長寿と短命とによって私の論を証明してみましょう。

水も土も清く甘い場所に住む人は、長寿を迎えることができる人が多く、髪も歯もしっかりしているものです。

しかし水も土も苦く劣悪な場所に住む人は、先天的な年齢まで生命を維持することができず、たまに長寿を迎える人があっても、目が見えなくなっている人が多い。

長寿の土地柄であるからといって全ての人が長寿を迎えるわけではないし、短命な土地柄だといって全ての人が短命であるというわけではありません。

けれども、健康な者がさらに滋養の良いものを摂っていればさらに長寿になるだろうし、不健康にも関わらず飲食する場合も良いものを摂っていなければさらに短命になるのではないでしょうか。

遠方の地についてはよく判らないけれども、燕京と私の郷里とを較べれば、その長寿と短命との違いは非常に大きいものがあります。

これをもその土地の水や土のせいではないとすることができるでしょうか。」と。










また火にも良否の違いが当然ある。

先王は火を四季によって分けて用いたものである。






燕京の人々はただ煤のみを用いているが、この煤を簡単に考えてはいけない。

煤というものは用途が非常に広いけれども、燕京で作られる煤は、気性が非常に烈しいために人を窒息させて死なせる事故が毎年おこっている。

人々がこのような事故を避けることができないでいるのは、ただ煤による火を用いる方法を知らないからである。






燕京という土地は非常に寒いため、人々はその部屋を紙を使って糊付けし、また眠っている最中であっても火をつけたままにして、多くの煤を用いて部屋を暖めている。
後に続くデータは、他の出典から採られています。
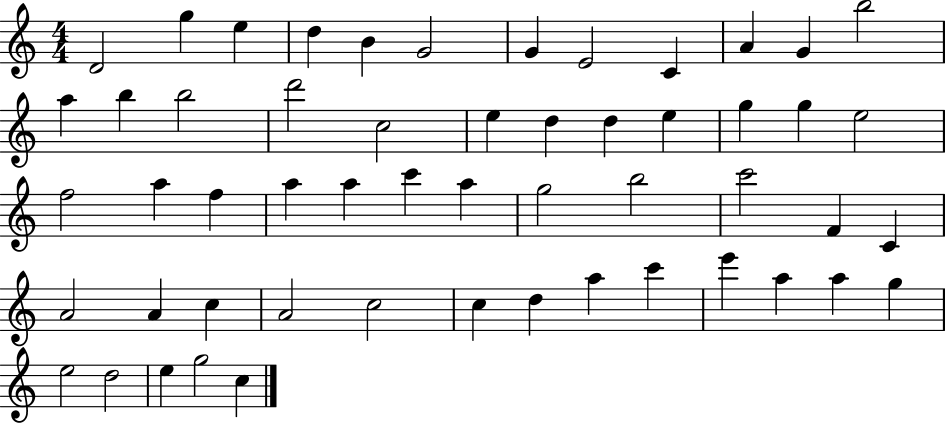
D4/h G5/q E5/q D5/q B4/q G4/h G4/q E4/h C4/q A4/q G4/q B5/h A5/q B5/q B5/h D6/h C5/h E5/q D5/q D5/q E5/q G5/q G5/q E5/h F5/h A5/q F5/q A5/q A5/q C6/q A5/q G5/h B5/h C6/h F4/q C4/q A4/h A4/q C5/q A4/h C5/h C5/q D5/q A5/q C6/q E6/q A5/q A5/q G5/q E5/h D5/h E5/q G5/h C5/q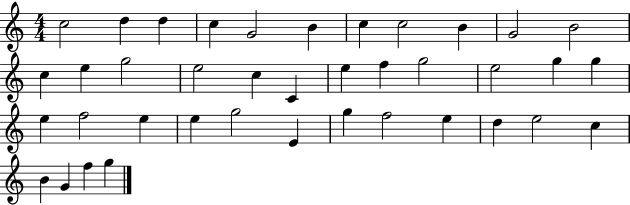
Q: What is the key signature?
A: C major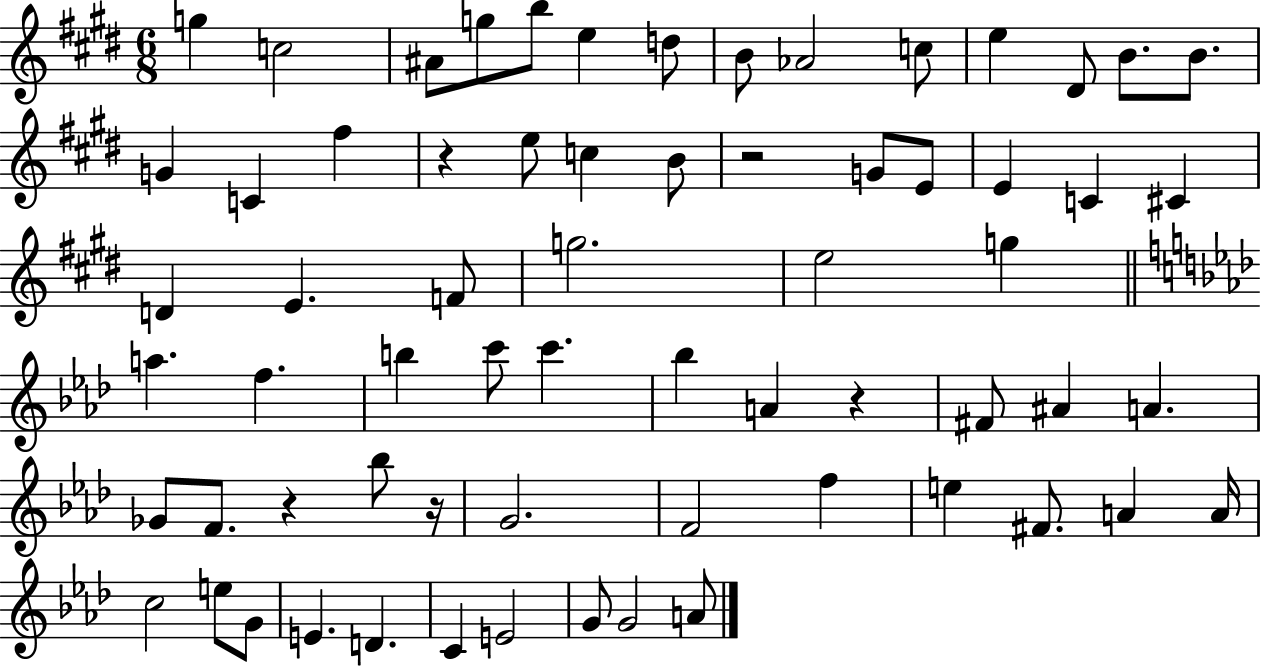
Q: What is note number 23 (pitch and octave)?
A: E4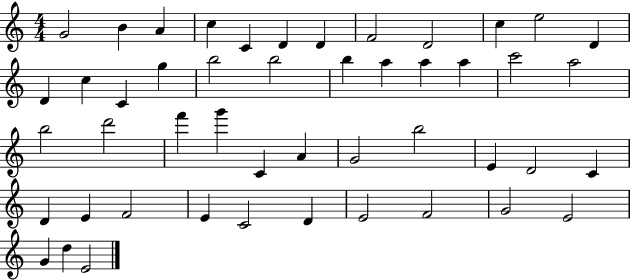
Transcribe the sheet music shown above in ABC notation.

X:1
T:Untitled
M:4/4
L:1/4
K:C
G2 B A c C D D F2 D2 c e2 D D c C g b2 b2 b a a a c'2 a2 b2 d'2 f' g' C A G2 b2 E D2 C D E F2 E C2 D E2 F2 G2 E2 G d E2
部屋が狭くよく密閉されているほど火による事故が多くおこるのである。

何故か。

水は流れ下る性質があるが、それが泄れでる所がなければ充満して上るものであり、火は炎上する性質があるが、それが泄れでる所がなければ充満して下るものである。

人々が煤の毒にやられるのは、夜半を過ぎた頃が多く、その頃は部屋中に火の気が充満し、それが下って人の鼻に届くようになるために、呼吸が閉絶して意識不明となって死んでいくことになるのである。

嘆かわしいことである。






もしこの煤による毒を避けようとするのであれば、部屋の中の最も締め切っている場所に用心すべきである。

ただ、格子戸に穴を開けるとか窓紙を少し開けておくと充満した気が徐々に出ていき、人の口鼻まで下りてくることがないので、まず心配はいらない。
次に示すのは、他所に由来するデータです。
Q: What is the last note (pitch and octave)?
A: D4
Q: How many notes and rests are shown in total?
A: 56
窓を少し開けるよりも格子戸に穴を開けた方がよいのは、その方が気の通り方が速いからである。






もし万一その毒にあたった場合は、気が閉じこめられているためもがき声を出し、自分ひとりでは醒めることができない。

そのような場合は、急いでその名前を呼び冷水を飲ませれば、すぐに意識が醒めてくるものである。
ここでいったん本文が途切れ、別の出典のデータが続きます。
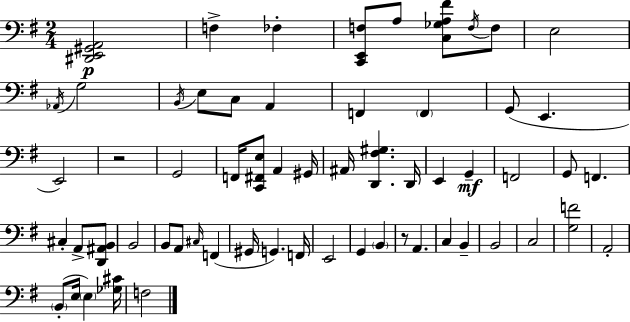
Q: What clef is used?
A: bass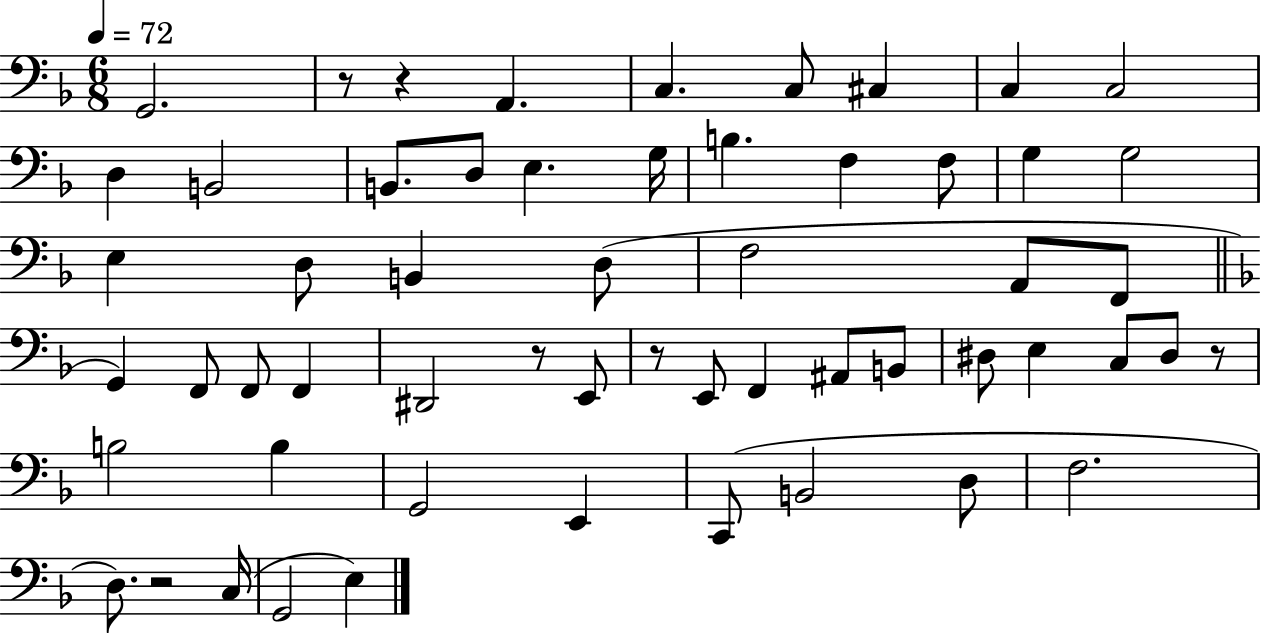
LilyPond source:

{
  \clef bass
  \numericTimeSignature
  \time 6/8
  \key f \major
  \tempo 4 = 72
  g,2. | r8 r4 a,4. | c4. c8 cis4 | c4 c2 | \break d4 b,2 | b,8. d8 e4. g16 | b4. f4 f8 | g4 g2 | \break e4 d8 b,4 d8( | f2 a,8 f,8 | \bar "||" \break \key f \major g,4) f,8 f,8 f,4 | dis,2 r8 e,8 | r8 e,8 f,4 ais,8 b,8 | dis8 e4 c8 dis8 r8 | \break b2 b4 | g,2 e,4 | c,8( b,2 d8 | f2. | \break d8.) r2 c16( | g,2 e4) | \bar "|."
}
また急いで地面に寝かせ鼻から地気を吸わせれば、また意識が醒めてくるものである。

一旦中毒にあってからこれを救おうとしても遅きに失することがあるので、やはりあらかじめ今言ったような処置を施しておいた方がよい。










これが燕京における水火による害である。

今は燕京のみを取り上げて論じた。

他の地域はそれぞれに類推してもらえればよいと思う。

官吏として首都にでかけたり旅をする場合は、この説をよく理解し、自身の生命を大切にしていただきたい。